Beam Pumps, Field Automation, Power Cost Savings, Progressing Cavity Pumps, Rota-Flex Long Stroke Pumps, Submersible Pumps
Rota-Flex Long Stroke Pumping Unit
Susan Beck, Weatherford International
Electric Cost Savings Issues in Oil Production
Robert Egbert, Wichita State University
Electric Submersible Pumps
Stan Herl. Reda Pump
Progressing Cavity Pumps
Walt Pearcy and Jim Murrow, Wilson Supply
Sucker Rod Pumping Design & Implementation
Rodney Reynolds and Dwayne McCune, NMC PTTC
Modern Management of Artificial Lift Wells
Dieter Becker, Echometer Company
Using Software for Full-field Automation and Analysis
Steve Slezak, Case Services, Inc.
Sucker Rod Pumps
Lewis Watts, Harbison Fischer
Artificial lift technology covers a broad spectrum involving several types of pumps-beam pump, electric submersible pumps, and progressing cavity pumps. Each type has its optimum application environment, and there are many nuances to be learned with each type. Industry speakers covered a myriad of topics related to advanced artificial lift.

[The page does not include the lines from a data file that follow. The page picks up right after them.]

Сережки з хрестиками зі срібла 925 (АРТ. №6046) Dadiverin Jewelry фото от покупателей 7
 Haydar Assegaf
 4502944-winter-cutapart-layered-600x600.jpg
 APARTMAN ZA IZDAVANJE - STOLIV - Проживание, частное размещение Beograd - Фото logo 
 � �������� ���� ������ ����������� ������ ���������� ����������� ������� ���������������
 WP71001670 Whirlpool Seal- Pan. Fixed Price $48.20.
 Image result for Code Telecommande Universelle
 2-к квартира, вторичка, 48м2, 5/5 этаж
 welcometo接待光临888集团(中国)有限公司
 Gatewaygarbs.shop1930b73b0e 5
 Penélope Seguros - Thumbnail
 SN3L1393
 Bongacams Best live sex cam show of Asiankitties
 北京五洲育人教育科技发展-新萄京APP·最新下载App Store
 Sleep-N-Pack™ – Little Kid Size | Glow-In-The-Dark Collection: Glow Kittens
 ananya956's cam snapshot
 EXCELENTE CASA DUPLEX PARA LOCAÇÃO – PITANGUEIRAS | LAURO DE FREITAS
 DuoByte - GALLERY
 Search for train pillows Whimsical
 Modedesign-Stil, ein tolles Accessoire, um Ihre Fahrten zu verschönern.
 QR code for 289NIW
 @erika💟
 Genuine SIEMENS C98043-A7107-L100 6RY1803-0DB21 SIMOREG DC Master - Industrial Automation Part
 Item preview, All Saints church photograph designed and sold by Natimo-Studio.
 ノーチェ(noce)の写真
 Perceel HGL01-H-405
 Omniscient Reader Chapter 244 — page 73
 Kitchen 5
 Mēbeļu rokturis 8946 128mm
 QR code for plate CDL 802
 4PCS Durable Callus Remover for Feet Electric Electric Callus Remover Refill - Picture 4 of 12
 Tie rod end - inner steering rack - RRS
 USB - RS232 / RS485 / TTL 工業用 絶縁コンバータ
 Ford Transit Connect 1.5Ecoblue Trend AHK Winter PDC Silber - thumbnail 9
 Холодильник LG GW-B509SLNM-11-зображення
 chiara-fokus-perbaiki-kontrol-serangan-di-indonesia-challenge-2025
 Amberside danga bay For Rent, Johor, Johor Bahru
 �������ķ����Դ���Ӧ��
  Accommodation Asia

Beam Pumps. Staff from PTTC's North Midcontinent Region described software, both freeware and commercial, that is available to assist operators with beam-pump design and analysis. Freeware programs available through SPE include (1) PUMPSPE, (2) APIROD, and (3) APIPUMP. Lufkin Industries, Inc. provides a basic rod loading program LOADCALB. In a similar vein, Echometer Company's QROD can be downloaded from their website (http://www.echometer.com). Integrity Consulting provides a spread-sheet based pumping unit design program within its Petroleum Engineering Tool Kit, which is relatively low cost. Higher-end commercial programs from Theta Enterprises, Inc. include RODSTAR and XDIAG. Additional handouts provided information on recommended plunger sizes for different conditions, rod sizes and properties, and motor properties, plus a copy of API RP11L (Recommended Practice for Design Calculations for Sucker Rod Pumping Systems).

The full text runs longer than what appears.